The Journal of Commerce Online - News Story
Attorney says intermediaries should calculate value of business

Transportation intermediaries seeking to increase their revenue stream by expanding their menu of value-added services should be aware that they are taking on added liability as well.

"If you are advertising that you will protect shipments from the beginning to the end, and you only play a part in the shipment, you may take on more liability than you thought," Peter Powell Sr., senior counselor to the National Customs Brokers & Forwarders Association, told that group's annual conference Monday in Rancho Mirage, Calif.

There is a growing trend among cargo interests to sign contracts that push more risk for shipments gone awry on to their service providers, said Greg Kritz, vice president of Roanoke Trade Services.

Customers are going so far as to ask their brokers and forwarders to indemnify them even in cases of shipper negligence, Kritz said.

Brokers, forwarders and cargo consolidators may want to consider such requests if taking on the added risk translates to higher revenue, but they should first determine the value of the business compared to their profit margin, Kritz added.

Transportation intermediaries who progress beyond basic processing of import and export documentation to stuffing containers, booking trucking services or offering credit to shippers take on a significant amount of risk.
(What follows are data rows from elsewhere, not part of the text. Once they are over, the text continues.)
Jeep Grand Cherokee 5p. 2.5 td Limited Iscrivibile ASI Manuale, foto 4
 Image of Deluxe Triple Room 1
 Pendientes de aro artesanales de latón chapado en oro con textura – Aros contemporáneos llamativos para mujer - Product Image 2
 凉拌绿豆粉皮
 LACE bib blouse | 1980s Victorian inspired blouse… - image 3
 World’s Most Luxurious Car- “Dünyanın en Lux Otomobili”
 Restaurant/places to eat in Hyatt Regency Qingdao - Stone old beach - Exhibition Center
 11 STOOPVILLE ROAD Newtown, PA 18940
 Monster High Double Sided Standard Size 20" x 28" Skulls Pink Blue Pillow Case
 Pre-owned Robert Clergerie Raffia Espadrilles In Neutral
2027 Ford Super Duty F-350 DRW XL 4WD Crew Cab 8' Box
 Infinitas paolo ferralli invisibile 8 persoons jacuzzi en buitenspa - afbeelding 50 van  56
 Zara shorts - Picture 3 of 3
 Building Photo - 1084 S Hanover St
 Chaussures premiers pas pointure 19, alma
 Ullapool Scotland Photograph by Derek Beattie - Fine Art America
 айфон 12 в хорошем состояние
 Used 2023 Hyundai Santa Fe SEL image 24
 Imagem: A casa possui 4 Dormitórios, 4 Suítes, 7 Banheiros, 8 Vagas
For example, if the intermediary books freight with a motor carrier that has a history of mishaps and that carrier is involved in an accident that results in death or serious injury, the victims will likely sue the intermediary as well as the trucker. These suits are often settled for millions of dollars.

It is crucial that the forwarder or broker check the motor carrier's insurance certification and credit rating. Likewise, if due diligence indicates that the customer presents a high risk, it is best to drop the account.

When in doubt, transportation intermediaries also have the option of purchasing credit insurance in order to protect themselves from "shock loss" events. "Banks like to see insured receivables," he said.

Brokers, forwarders, third-party logistics companies and cargo consolidators should always have contracts reviewed by legal counsel, especially when the client has inserted language that goes beyond what is contained in a normal bill of lading.

"Be aware of contractual language that overrides the ordinary bill of lading liability," said Douglas Fischer, regional vice president of Navigation Management Co. Inc.